“For them to come in and refile new docs, that would bring in about $750,000 in revenue, but we can’t rely on the authenticity of those documents.That’s why I seek restitution to go out and get a forensic audit,” O’Brien said.
A fraudulent document in a chain of title puts a cloud over every subsequent valid property document, and could complicate homeowners trying to sell their property, refinance their mortgage or extract equity.
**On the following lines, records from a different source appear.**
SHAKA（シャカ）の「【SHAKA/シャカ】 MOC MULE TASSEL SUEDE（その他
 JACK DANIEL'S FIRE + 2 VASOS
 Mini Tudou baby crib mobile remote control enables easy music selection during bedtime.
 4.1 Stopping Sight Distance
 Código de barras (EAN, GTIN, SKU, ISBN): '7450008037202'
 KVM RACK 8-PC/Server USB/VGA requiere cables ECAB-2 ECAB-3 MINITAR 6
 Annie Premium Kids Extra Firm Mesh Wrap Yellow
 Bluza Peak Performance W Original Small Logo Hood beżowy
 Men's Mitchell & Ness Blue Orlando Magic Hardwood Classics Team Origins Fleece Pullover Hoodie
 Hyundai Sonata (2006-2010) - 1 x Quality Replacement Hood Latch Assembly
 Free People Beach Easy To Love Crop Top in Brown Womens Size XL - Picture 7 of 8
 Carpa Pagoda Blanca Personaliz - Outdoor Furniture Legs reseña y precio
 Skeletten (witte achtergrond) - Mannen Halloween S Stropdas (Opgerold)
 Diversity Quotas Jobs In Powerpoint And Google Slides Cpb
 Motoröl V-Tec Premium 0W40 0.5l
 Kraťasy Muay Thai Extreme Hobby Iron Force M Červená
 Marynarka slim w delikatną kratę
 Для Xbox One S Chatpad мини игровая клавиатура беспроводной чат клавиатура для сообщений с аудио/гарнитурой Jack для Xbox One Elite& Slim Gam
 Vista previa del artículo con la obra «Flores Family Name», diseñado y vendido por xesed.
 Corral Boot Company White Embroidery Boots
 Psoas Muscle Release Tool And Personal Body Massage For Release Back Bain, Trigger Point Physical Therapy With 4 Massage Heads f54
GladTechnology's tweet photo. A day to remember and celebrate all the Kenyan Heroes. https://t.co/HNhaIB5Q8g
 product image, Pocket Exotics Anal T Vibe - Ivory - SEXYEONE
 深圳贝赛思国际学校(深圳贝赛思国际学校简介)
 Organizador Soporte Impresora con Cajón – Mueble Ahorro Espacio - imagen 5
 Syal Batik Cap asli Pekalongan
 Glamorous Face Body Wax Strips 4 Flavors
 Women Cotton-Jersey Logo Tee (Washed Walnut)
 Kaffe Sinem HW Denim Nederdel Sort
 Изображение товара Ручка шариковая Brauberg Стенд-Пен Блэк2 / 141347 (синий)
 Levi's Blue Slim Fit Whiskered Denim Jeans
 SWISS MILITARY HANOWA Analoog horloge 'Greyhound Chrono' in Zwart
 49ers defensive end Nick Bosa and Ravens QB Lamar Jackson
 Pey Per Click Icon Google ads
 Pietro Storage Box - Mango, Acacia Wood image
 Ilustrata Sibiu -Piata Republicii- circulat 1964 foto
Many of the fraudulent documents are mortgage assignments, which declares the sale of a mortgage from one company to another and can obscure what institution actually owns a given mortgage.
Lender Processing Services last week agreed to pay $120 million to settle allegations it “robosigned” documents and engaged in other improper conduct related to mortgage loan default servicing.
Massachusetts attorney general Martha Coakley and New Hampshire attorney general Michael A. Delaney joined 44 others in a consent judgment requiring Lender Processing Services and subsidiaries LPS Default Solutions and DocX to reform their business practices and, if necessary, correct documents they executed to assist homeowners.
LPS will pay nearly $1.6 million in fees and costs to Massachusetts and $457,961 to New Hampshire, which will be allocated toward enforcement costs and addressing the harm caused by the misconduct.
The consent judgment will require proper execution of documents and prohibit signature by unauthorized persons or those without first-hand knowledge of facts attested to in the documents, enhanced oversight of the default services provided, and a review of all third-party fees to ensure that the fees have been earned and are reasonable and accurate.
Banks in 2010 slowed the pace of foreclosures, which peaked during the recession, after news reports of banks and subcontractors forging signatures and improperly notarizing foreclosure documents, including those detailing which institution actually owned a given mortgage.